## EXERCISE
Any pictures in the records below must be left out when you repeat the lines from the line containing "Imagem Alugo Casa" through the line containing "Sunglasses Hawkers COMANECI" exactly.
Top of DATA TO PROCESS
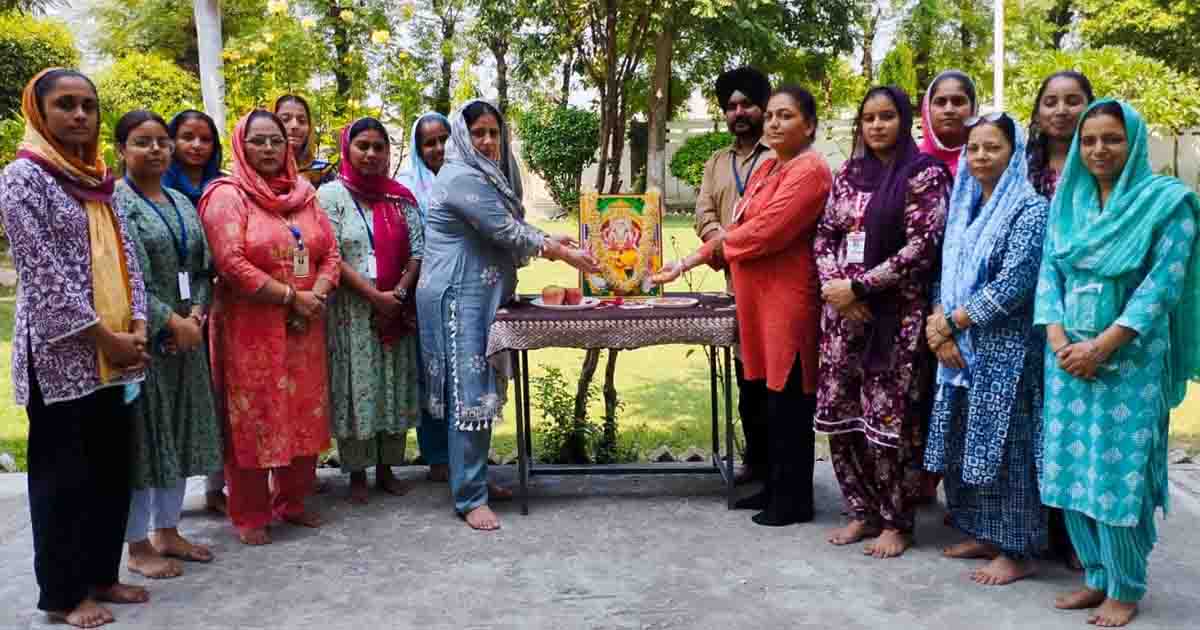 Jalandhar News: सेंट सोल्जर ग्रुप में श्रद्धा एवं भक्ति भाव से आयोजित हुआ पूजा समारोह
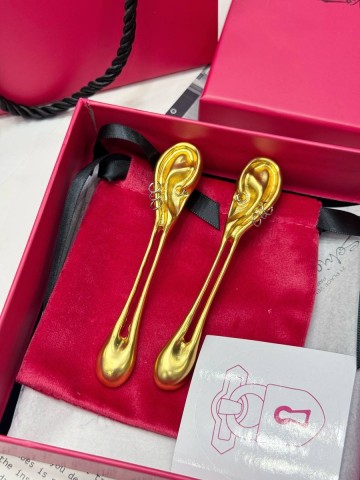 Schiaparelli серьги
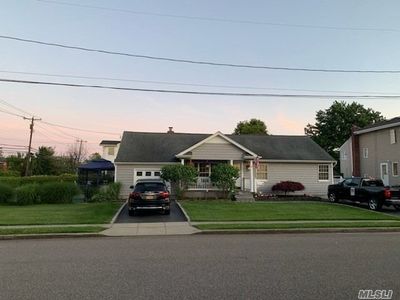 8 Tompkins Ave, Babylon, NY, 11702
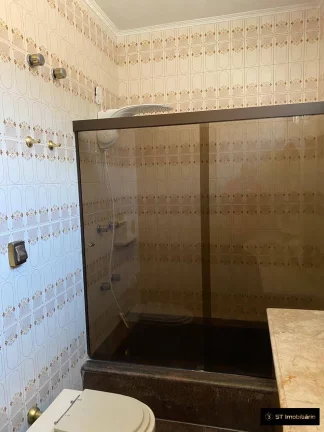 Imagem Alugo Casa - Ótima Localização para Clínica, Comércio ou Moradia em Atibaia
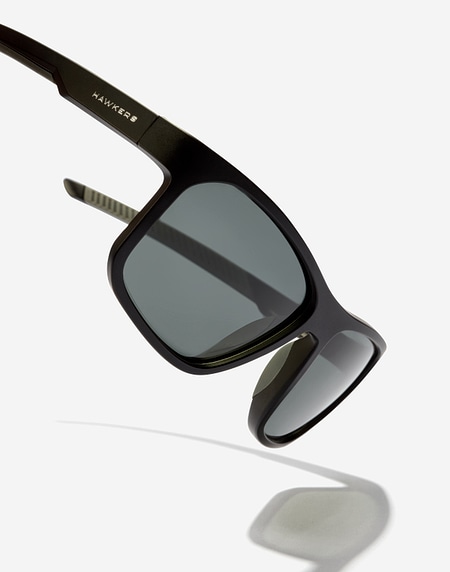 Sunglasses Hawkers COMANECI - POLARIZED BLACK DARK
Bottom of DATA TO PROCESS
Top of DATA TO PROCESS
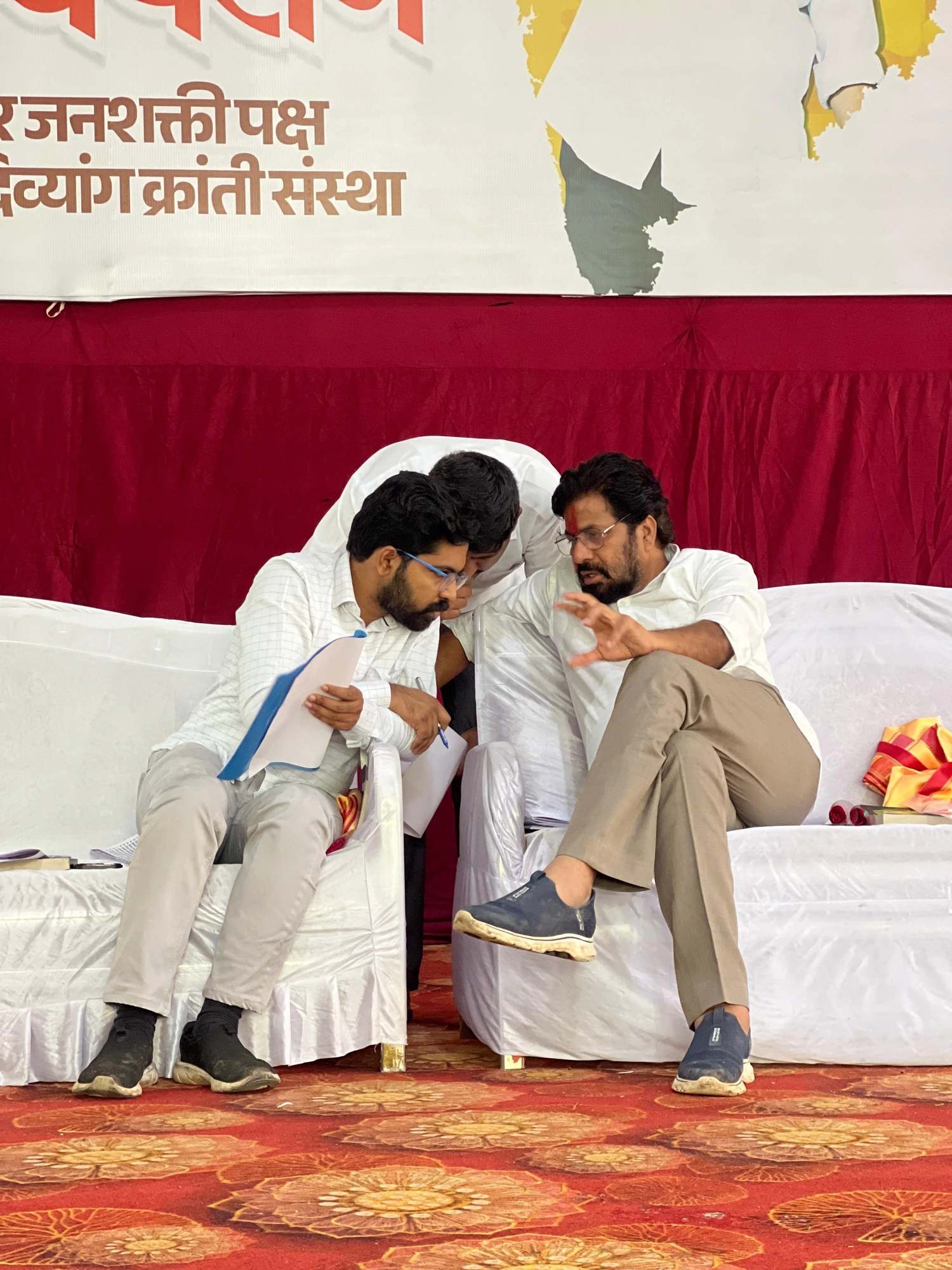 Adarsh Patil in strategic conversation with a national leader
Bottom of DATA TO PROCESS
Top of DATA TO PROCESS
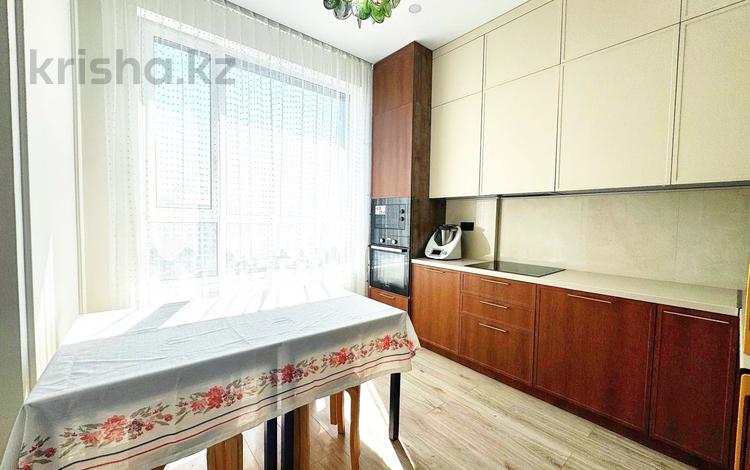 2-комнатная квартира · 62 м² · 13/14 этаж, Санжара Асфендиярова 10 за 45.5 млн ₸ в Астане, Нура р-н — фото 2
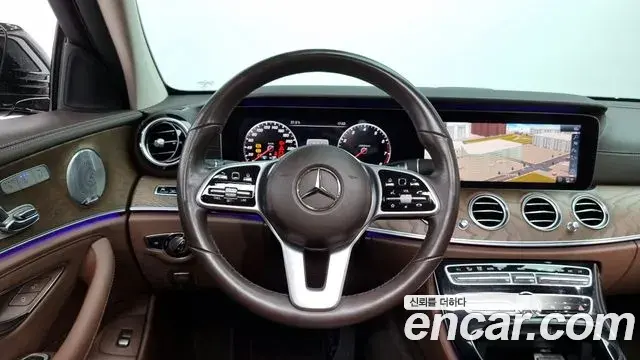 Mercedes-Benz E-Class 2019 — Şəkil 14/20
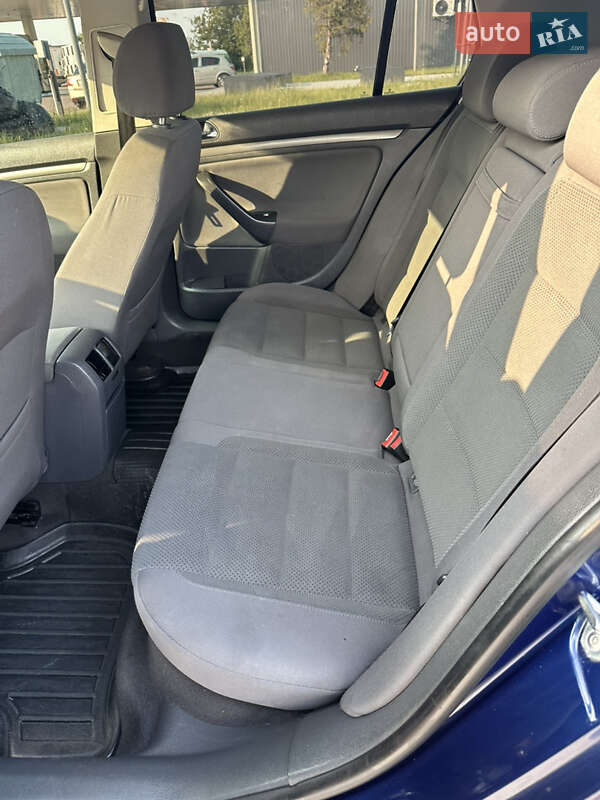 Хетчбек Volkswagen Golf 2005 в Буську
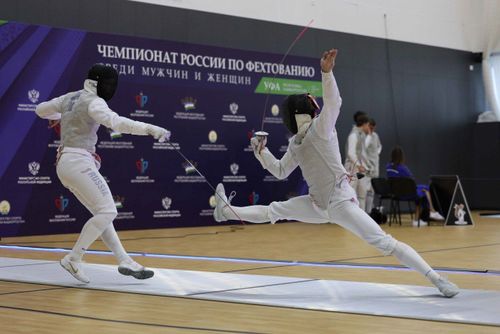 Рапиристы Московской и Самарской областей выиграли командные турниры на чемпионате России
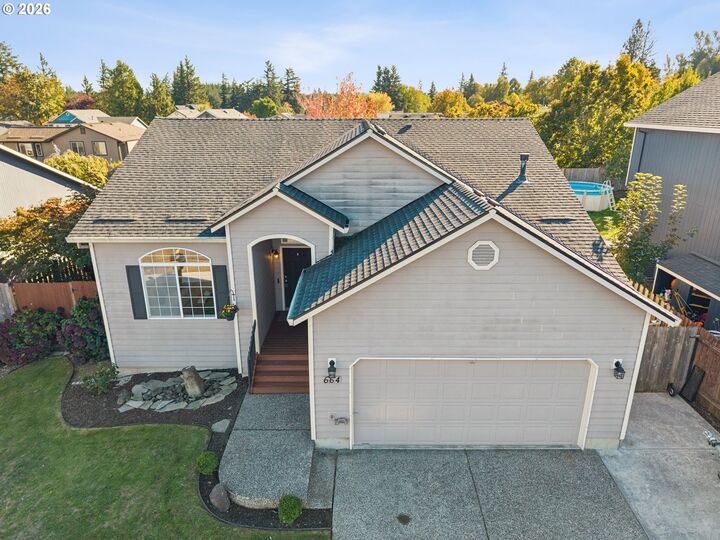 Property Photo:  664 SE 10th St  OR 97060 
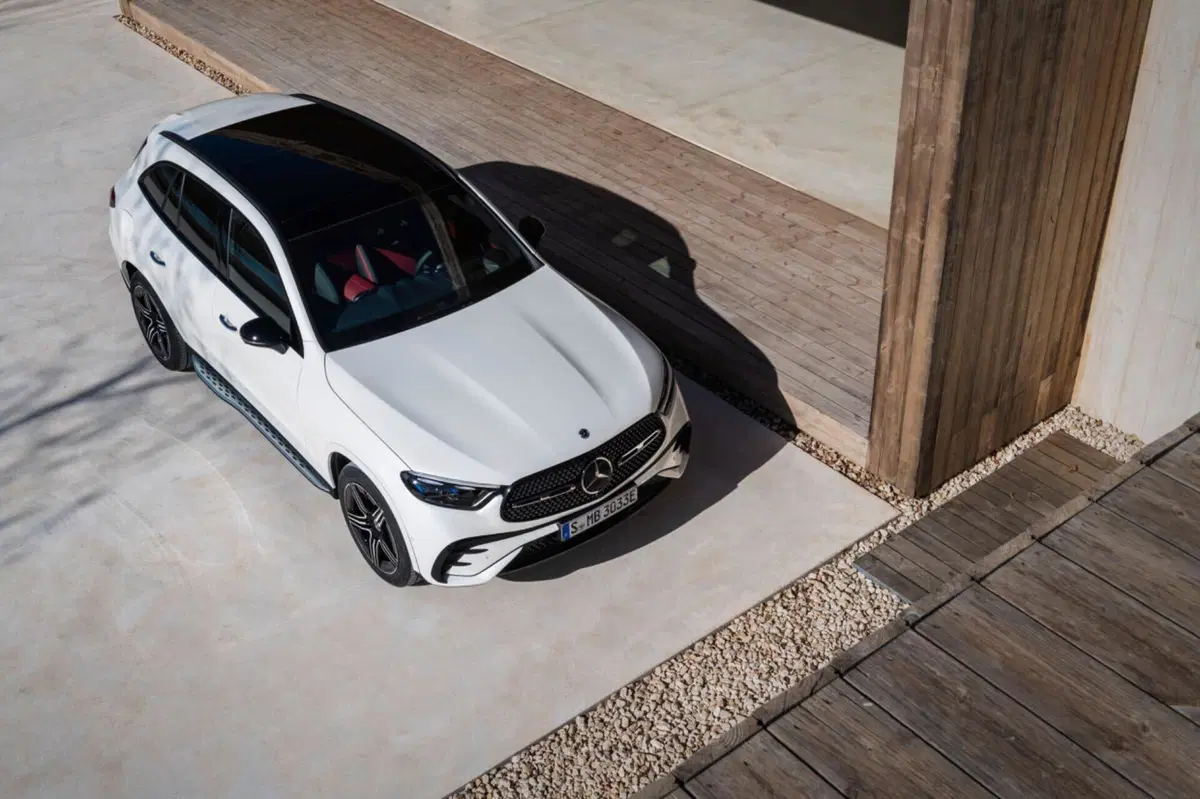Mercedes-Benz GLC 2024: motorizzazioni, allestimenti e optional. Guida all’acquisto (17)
Bottom of DATA TO PROCESS
## YOUR RESPONSE
 Imagem Alugo Casa - Ótima Localização para Clínica, Comércio ou Moradia em Atibaia
 Sunglasses Hawkers COMANECI - POLARIZED BLACK DARK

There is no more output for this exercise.